SETTING UP LOCATIONS IN OWNTRACKS

Now that you’ve connected OwnTracks and your MQTT broker, you can set up “geo-fence” areas that will be the trigger points for when the clock hands should turn.

On the OwnTracks main page, go to the menu and select the Regions option. When the region window comes up, hit the plus sign at top right to add a new region.

Give the region a name in the Description field and keep track of it — you’ll have to reference it when you get to the setup on the Raspberry Pi.

You’ll need to also supply your latitude and longitude coordinates. The newer versions of the OwnTracks app for iOS and Android link to Google Maps so that you can input an address and pull the lat and long coordinates from there.

You’ll also have to specify the radius of the region (in meters). The region can be as big or small as you want. One of the regions I set up is the entire city of Chicago!

 

NODE-RED WORKFLOW

The Node-RED flow for this setup is fairly simple, but took me a good while to figure out. The flow starts with the connection to the MQTT broker with the MQTT node. This node is pretty self explanatory, but make sure your MQTT node is subscribed to the correct topic. For my clock, I wanted the hands to move only during OwnTracks transition events (right when you enter or leave one of the waypoints). OwnTracks creates a separate topic for these events in the format MQTT-topic/event, so for example, mine was owntracks/userID/deviceID/event). As long as you subscribe to that topic with your MQTT node, you should only pick up messages when you enter or leave one of your waypoints.

When the MQTT node is triggered from the broker, a JSON string is sent to Node-RED with all the necessary info from your device. JSON (JavaScript Object Notation) is just a data-interchange format that organizes all your content in a manner that’s easy to read both for you and a machine. Here’s one of the JSON strings that was sent from my broker:

{"_type":"transition","tid":"at","acc":18.788334,"desc":"Home","event":"enter","lat":00.00000,"lon":00.000000,"tst":1480793788,"wtst":1477007711,"t":"c"}

For my clock, really the only parts of this string I need are the location (“desc” for description) and whether I’m entering or leaving (“event“). I can’t really do a whole lot with just a string, so I need to convert the string into an array of JavaScript Objects.

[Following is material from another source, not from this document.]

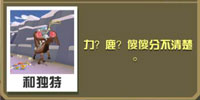 疯狂动物园巧克鹿截图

To convert this string into objects, use the JSON function node that comes standard with the node-red-pi installation. This parses through the JSON string for you, and formats each string into a group of objects.

For this setup, the JSON string parser feeds directly into a switch node. This node takes the newly created object msg.payload.event and checks whether that object is set to leave or enter. If it’s set to enter, then the flow is directed to a second switch node that checks the value of the object msg.payload.desc; this switch node then feeds into whichever location matches up with the desc object value so that it can move the hand.

If in the first switch node the msg.payload.event object is set to leave, then the flow immediately moves to setting the clock hand to “Travel”. I then have Node-Red run a system callout (like if I was calling something from the terminal) that runs a Python script, and passes a variable of the msg.payload.desc location. My Python script picks up the variable and knows where to move the clock hand based on that.

When the flow moves the clock hand to “Travel,” a trigger node is also activated that counts for 6 hours. If msg.payload.event hasn’t been updated (from when I enter another known location) after 6 hours, then the flow activates the servo to move the hand to “Lost” and sets another trigger. The second trigger counts for 24 hours while waiting for an updated msg.payload.event. If it doesn’t receive that update in 24 hours, it finally moves the hand to “Mortal Peril.” Bit of a gag if I have to go on a trip for work or if I turn my phone off for a few days, but other than that, should be pretty clear!

OFF TO PLATFORM NINE AND THREE-QUARTERS!

With the clock hands set in place, and the Python code loaded up, my Weasley location clock is all set. Off we go into the wizarding world, with our magic whereabouts clock keeping tabs on everyone in the family.

I hope you’ll give this project a try, and share your improvements.